▶ _Data for analysis_:
=-=-=-=-=

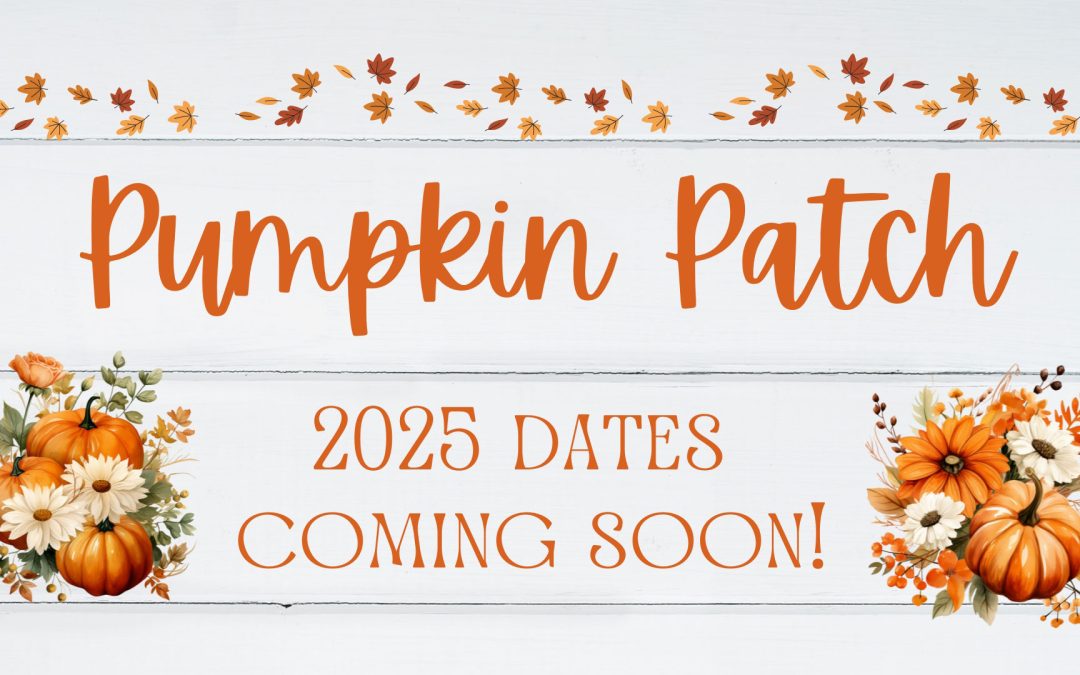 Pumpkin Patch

=-=-=-=-=

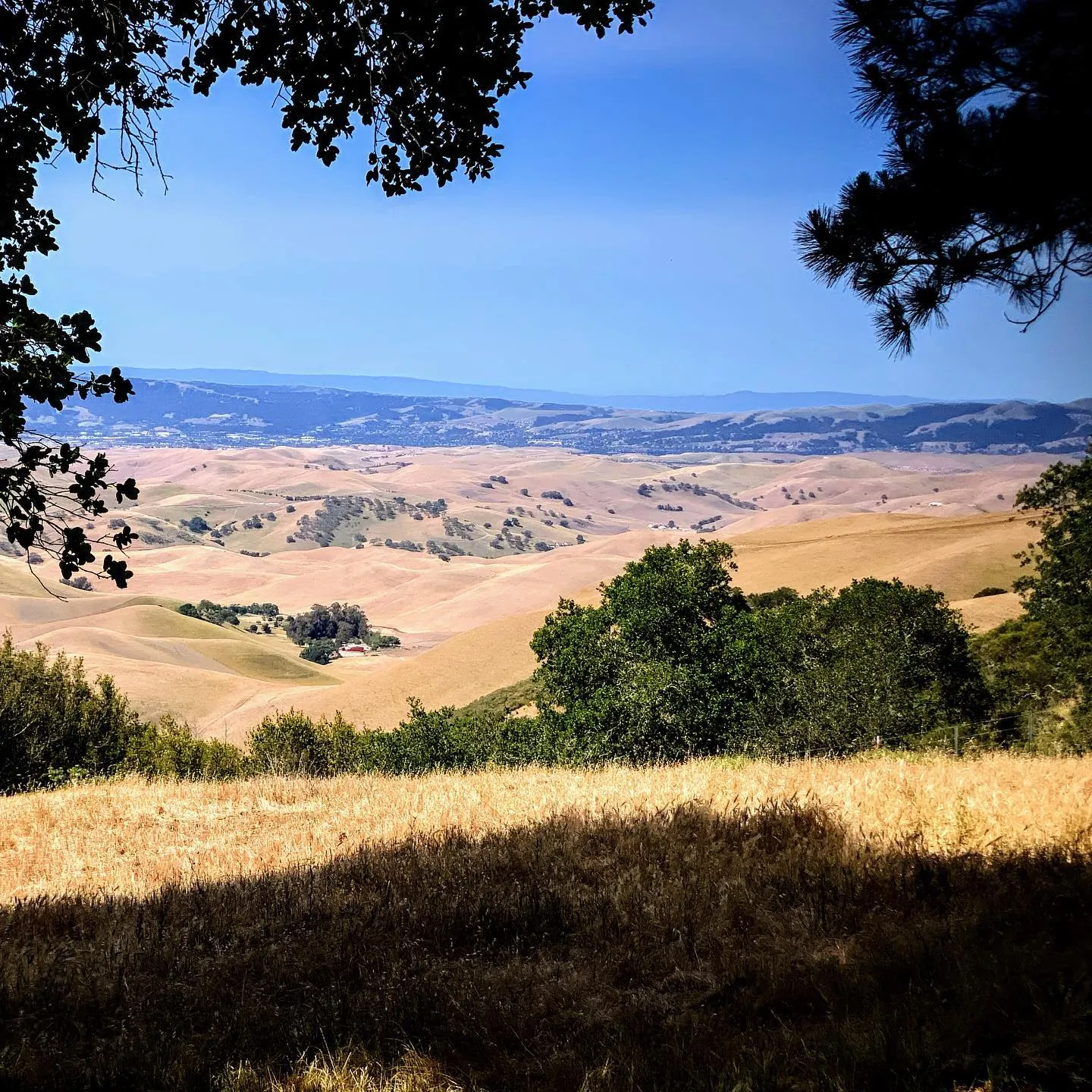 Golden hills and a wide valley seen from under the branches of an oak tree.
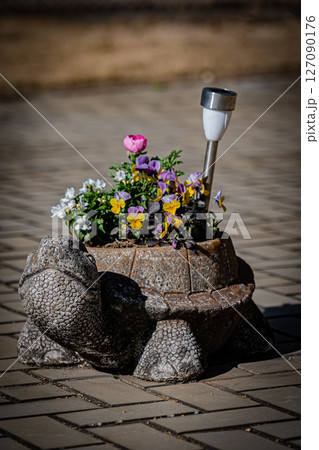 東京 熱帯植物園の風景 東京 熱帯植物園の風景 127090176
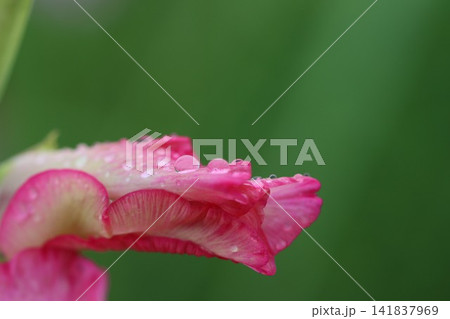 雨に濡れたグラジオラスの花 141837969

=-=-=-=-=

▶ _What needs to be done_: The lines above from the line with "東京 熱帯植物園の風景 東京 熱帯植物園の風景 127090176" through the line with "雨に濡れたグラジオラスの花 141837969" are to be given again word for word, with no pictures among them.

▶ _Exercise answer_:
 東京 熱帯植物園の風景 東京 熱帯植物園の風景 127090176
 雨に濡れたグラジオラスの花 141837969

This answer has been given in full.